The use of trailers with two-wheel vehicles has increasingly become popular among cyclists who have discovered that trailers provide ways of increasing the utility and capacity of their two-wheel vehicles. Trailers have been developed to carry various uses and to carry various loads, such as children, shopping, and hauling laundry and other loads.
Historically, trailer-coupling assemblies that secure a trailer to a two-wheel vehicle permit limited rotation of the trailer relative to the two-wheel vehicle. Accordingly, such trailer-couplings are typically suited for securing a trailer over even terrain surfaces, and ill-suited for rough terrain which may cause the trailer to abruptly roll, pitch, and yaw. Abrupt changes in terrain may cause the trailer-coupling to reach its rotational limits, and in doing so, transfer rotational forces from the trailer to the two-wheel vehicle. Depending on the extent of the change in terrain, the rotational forces may be of sufficient magnitude to cause a loss of control of the two-wheel vehicle.
In view of the aforementioned shortcomings of known bicycle trailer hitches, there is a need for a trailer-coupling assembly that can facilitate a two-wheel vehicle towing a trailer over various grades of terrain, including rough surface terrain, without risking a transference of rotational forces that may lead to a loss of control of the two-wheel vehicle.
The detailed description is set forth with reference to the accompanying figures.
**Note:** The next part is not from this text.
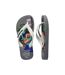 Tong Enfant Havaianas Minecraft-5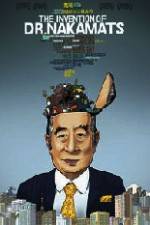Watch The Invention of Dr Nakamats 123MoviesFree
In the figures, the left-most digit(s) of a reference number identifies the figure in which the reference number first appears. The use of the same reference numbers in different figures indicates similar or identical items or features.
This disclosure describes a trailer-coupling assembly that is designed to secure an all-terrain trailer to a two-wheel vehicle. The trailer-coupling assembly may be configured to permit a two-wheel vehicle to tow an all-terrain trailer (hereinafter “trailer”) over rough surface terrain without having the trailer transfer overturning (i.e. rotational) forces to the two-wheel vehicle that may cause the two-wheel vehicle to lose control. More specifically, the trailer-coupling assembly may relieve pitch, yaw, and roll forces imposed on the trailer by changes in underlying surface terrain, before those forces are cast onto the towing two-wheel vehicle. The trailer-coupling assembly may be configured to accommodate travel over various grades of terrain surface by providing for pitch, yaw, and roll rotations at relative angles up to and greater than 90 degrees. In this way, a two-wheel vehicle may tow the trailer over terrain that may cause the trailer to overturn and yet relieve a transfer of rotational forces from the trailer to the two-wheel vehicle. For example, the trailer-coupling assembly may permit pitch and yaw rotations in a clockwise direction and anti-clockwise direction relative to a baseline alignment, by up to 90 degrees, 135 degrees, or 160 degrees. Any angular rotation is permissible subject only to the geometric limits of the respective lug joints that are discussed in more detail below. Further, the trailer-coupling assembly may permit a roll rotation in a clockwise direction and anti-clockwise direction relative to a baseline alignment, by up to 360 degrees.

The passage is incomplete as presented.